During the first three quarters of the 20th century, the newly trained professors who elected to work in professional schools became more and more separated from the professors in the academic disciplines, including the disciplines that had generated most of the “pro-fession-oriented” professors. During that same timespan, the training of persons to conduct investigative studies on “professional” topics became largely a function of faculty in the professional schools. More and more often, the professional disciplines found themselves almost completely separated from the main bodies of their parent academic disciplines (e.g., social work from sociology and public affairs from political science).

Certainly, this altered the nature of the THESIS AND DISSERTATION work. The investigations of both faculty members and students who recognized their primary engagement in professional preparation edged toward a more operational, practice-oriented mode than the studies conducted by the faculties and students in the arts and sciences. The same trend appeared even in professional preparation programs which often remained housed in university academic departments, such as speech pathology and audiology, clinical psychology, economics, theater, dance, studio arts, music, and journalism.

The widening separation of the professions from the academic disciplines showed in the increasingly pragmatic stances of the for-mer, as contrasted with the more abstract devotion to knowledge for its own sake in the latter. There were exceptions, of course; some leaders managed to straddle the gap. But the rapid growth in the availability of schooling and the public demand for high standards of human services, coupled with accelerated professionalization, exerted powerful socioeducational forces. Among other things, these forces influenced scholarship in professional schools to increase serious efforts to develop professional preparation, with its own theoretical base, and to construct a body of knowledge and practice that would define the profession. The movement accelerated, too, under the influence of the steady and widespread growth in empiricism in most of the Western world’s cultures and by increasingly sophisticated utilization of statistical analysis of data in all sectors of society.

The impact of these factors in combination was strong. By mid-century, empirical research methods dominated. Virtually all advanced degrees in the professions required the study of statistical procedures for data analysis. Research departments developed in professional schools not so much to conduct research as to teach graduate students to understand and use designs and data-analysis procedures for empirical studies with the greatest feasible degree of control of variables. Acceptable research came to be identified by the procedures taught by the research departments of their particular schools. The definition of “respectability” in many professional schools was to do a THESIS AND DISSERTATION that employed some form of a controlled experimental design and subjected its data to a complex statistical analysis.

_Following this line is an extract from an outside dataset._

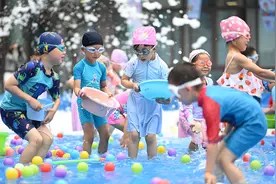 校园“泼水节” 快乐迎“六一”图片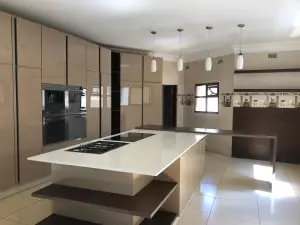 5 Bedroom House to Rent in Shawasha Hills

RECENT AND CURRENT TRENDS IN THESIS AND DISSERTATION INVESTIGATIONS

The late 1950s saw the development of a noticeable negative reaction to the attitude that any professional discipline could build a theoretical and conceptual base securely founded on a narrowly conceived underpinning of research design and research methodology. Some professional-school faculty members had pressed for a broader interpretation all along. Their students carried out surveys, conducted polls and case studies, did retrospective project evaluation, analyzed the impact of laws on practices, studied development processes, and in countless other ways asserted the importance of a wider range of methodologies and technologies of investigation. That reaction appears by now to have approached a balance with the earlier, narrower point of view. Contributions to the different knowledge bases for the various professions are at present welcomed from many directions. Recently added dimensions in investigations are found, for example, in the widespread interest in qualitative research and in the development of systems of evaluation. Today’s THESIS AND DISSERTATION student in either an academic or a professional discipline has unprecedented latitude in choice of subject and methodology.